EU law also indicates that if the product is large enough to accommodate the marking, it must go on the product. Aesthetic factors are not an excuse for failing to apply the marking directly to the product. Only if the product is physically too small may the markings be placed on the packaging instead. This is not presently the case for UKCA where no such consideration on the size of products exists, but further guidance is evolving all the time. 

It is also worth noting that UKCA currently has a transition period of leniency about labelling for goods manufactured in the European Economic Area (EEA) or EU. Until the end of 2027, the UKCA mark may be applied to either product, via sticky label, or on accompanying documentation, such as a user guide. After that date only the product itself is permitted to carry the UKCA logo, but again that is expected to evolve over time and may end up aligning with the EU regarding smaller devices.

The market

Placing goods on the EU or GB market means making a fully manufactured good available for sale. The term ‘economic operator’ covers: 

  • The manufacturer
  • The importer
  • The authorised representative
  • The distributor

Easily the most prominent position here is the manufacturer. They can be based anywhere in the world and are typically responsible for a multitude of tasks. This includes designing and producing a safe product, performing a conformity assessment, testing with a third-party laboratory, creating the technical file, writing and signing the Declaration of Conformity, and labelling the product correctly.

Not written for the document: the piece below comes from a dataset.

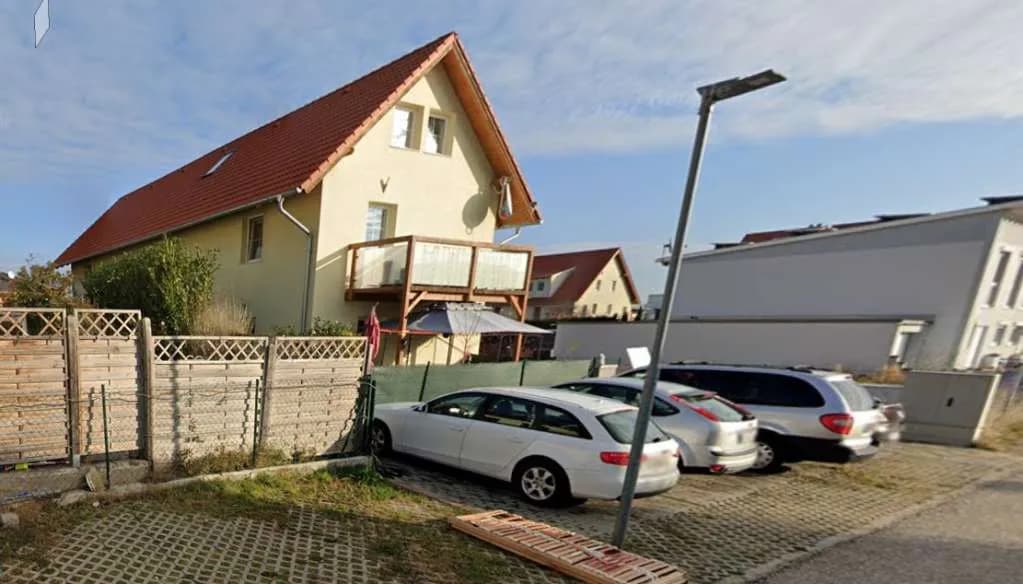 3-Zimmer-Haus mieten in Korneuburg – 100 m², € 1.540 – Bild 2 von 29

When goods first enter the GB market, that most often makes the receiving party the Importer. Importers have some legal responsibilities, of which some people are not aware. This includes checking the conformity approach taken by the manufacturer and adding their own company details to the label.  

If the Importer finds that the conformity assessment approach taken by the manufacturer was incorrect, they have a legal obligation to raise it with the manufacturer and seek resolution. Ultimately, this could include declining to accept the shipment of possibly non-compliant goods.  

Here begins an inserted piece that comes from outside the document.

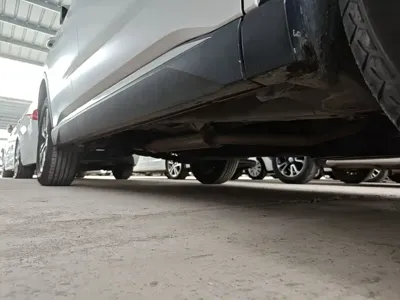 BYD Pro 2021, 27400 км, за 51900 CNY - фото 21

Authorised persons and representatives

Another alternative is for the manufacturer to appoint an authorised person or representative. This may be a subsidiary company or a private contracted firm, of which there are many available for either a yearly or per-product fee basis, to act on their behalf in the local GB market. With a known authorised representative labelling could be applied at the time of production, thereby relieving importers of any possible headaches and making business transition much smoother.

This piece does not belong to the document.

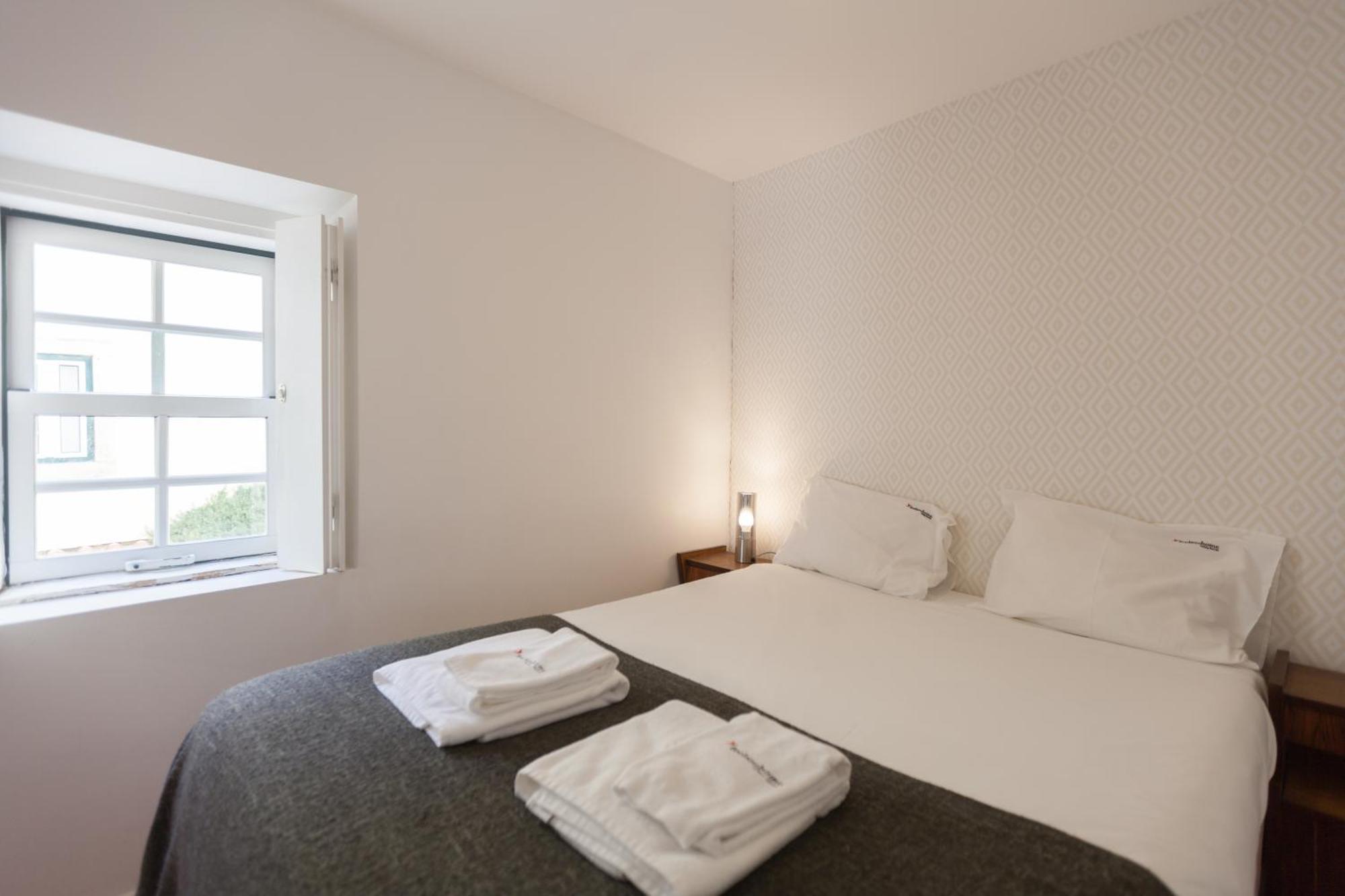 Flh Castle Duplex With Terrace Apartment Lisbon Exterior photo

It is worth noting that only manufacturers and importers ‘place on the market’. Any subsequent operations termed ‘making available’ are likely to come under the final economic operator role of distributor. By this point, most checks and validations should have already been performed and goods are free to move without further encumbrance.

While product labelling may at first appear to be confusing, a systematic approach works best. Once you identify the directives and regulations that apply to your products, the labelling requirements simply follow.